On peut également admirer le retour des bateaux de pêche au coucher du soleil (et acheter le poisson sur place, car les pêcheurs ne se déplaceront pas jusqu’au marché), visiter les plantations si on tombe dans les horaires d’ouverture, ou participer à un boeuf avec les musiciens locaux. Les Régionaux parlent de "cabaret", mais il ne faut pas s’attendre à y trouver des danseuses à paillettes avec des plumes dans le derrière. Il s’agit simplement de se retrouver à la tombée de la nuit, de préférence au bord de la plage, chacun avec son instrument. Dans 80% des cas, il s’agit d’instruments à percussion, probablement parce qu’entre un "poum" et un "tam", on ne risque pas la dissonance.

Comme parmi les immigrants, certains ne parlaient pas le commun, le parler de la Région s’est enrichi de mots d’autres provenances et se prononce avec un accent chantant. Cependant, cette richesse ne se retrouve que peu dans la musique locale. Certains expliquent ce phénomène par l’influence de Dlul, d’autres par l’héritage du gouverneur Flageolant. Quoi qu’il en soit, entre les chansons qui font "Bom bolobom bolobom" et celles qui font "Dis à moin, dis pas moin", on a vite l’impression d’avoir tout entendu. En plus, de nombreux chanteurs ont des voix de jeunes coqs enroués, à croire que c’est la tradition qui veut ça [4].
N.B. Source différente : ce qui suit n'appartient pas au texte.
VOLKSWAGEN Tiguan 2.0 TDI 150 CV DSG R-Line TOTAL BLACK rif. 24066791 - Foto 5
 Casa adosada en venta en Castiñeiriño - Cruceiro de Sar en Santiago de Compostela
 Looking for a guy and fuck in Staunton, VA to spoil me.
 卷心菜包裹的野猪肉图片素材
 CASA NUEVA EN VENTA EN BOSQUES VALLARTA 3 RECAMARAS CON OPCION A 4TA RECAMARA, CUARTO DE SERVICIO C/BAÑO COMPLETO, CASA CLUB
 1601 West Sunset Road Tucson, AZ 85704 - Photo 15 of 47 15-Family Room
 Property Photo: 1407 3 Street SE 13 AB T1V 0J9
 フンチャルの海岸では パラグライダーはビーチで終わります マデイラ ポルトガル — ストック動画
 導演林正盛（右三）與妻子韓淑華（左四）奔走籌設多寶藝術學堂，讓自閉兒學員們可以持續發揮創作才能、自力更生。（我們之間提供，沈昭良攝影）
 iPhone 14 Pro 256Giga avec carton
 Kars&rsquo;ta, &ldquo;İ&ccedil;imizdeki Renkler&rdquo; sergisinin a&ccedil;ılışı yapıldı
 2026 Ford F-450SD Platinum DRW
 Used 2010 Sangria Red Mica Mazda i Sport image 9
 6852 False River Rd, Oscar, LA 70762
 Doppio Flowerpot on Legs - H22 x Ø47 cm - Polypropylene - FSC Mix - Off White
Dans tous les cas, la population régionale est très accueillante, pour peu qu’on soit sur place pour une durée limitée. Typiquement, une décade ou deux de pèlerinage dlulien vous assurera les bonnes grâces de vos hôtes, surtout dans la mesure où elle leur assure également un revenu. Mais compte tenu de ce qui leur est arrivé il y a deux siècles, avec leur rêve brisé par la surpopulation et l’arrivée du travail, les Régionaux voient d’un mauvais oeil toute velléité d’immigration de la part des visiteurs. S’il y a trop de monde sur l’île, un jour, tous devront travailler à plein temps, et cela, ils ne le veulent pas. Leur bonheur tient à un fragile équilibre entre travail et vénération de Dlul, et c’est si rare, le bonheur...

Nak’hua Thorp


[1Mais pas pour autant une ancienne biscuiterie transformée en centre culturel...

[2Apparemment, Flageolant était fâché avec les divinités de l’inspiration, car son autre découverte majeure s’appelle le Nouvel Endroit.

[3Autrement appelé "le Régional de l’échoppe".

[4Mais dans l’ensemble, c’est tout de même moins affreux qu’on ne pourrait le croire sur le continent, où sévit ce ménestrel régional qui fredonne de manière affligeante "Un corset noir, c’est fait pour se voir, un corset blanc ne le reste pas longtemps"... Non, ce jeune homme n’est pas représentatif de la musique de son île !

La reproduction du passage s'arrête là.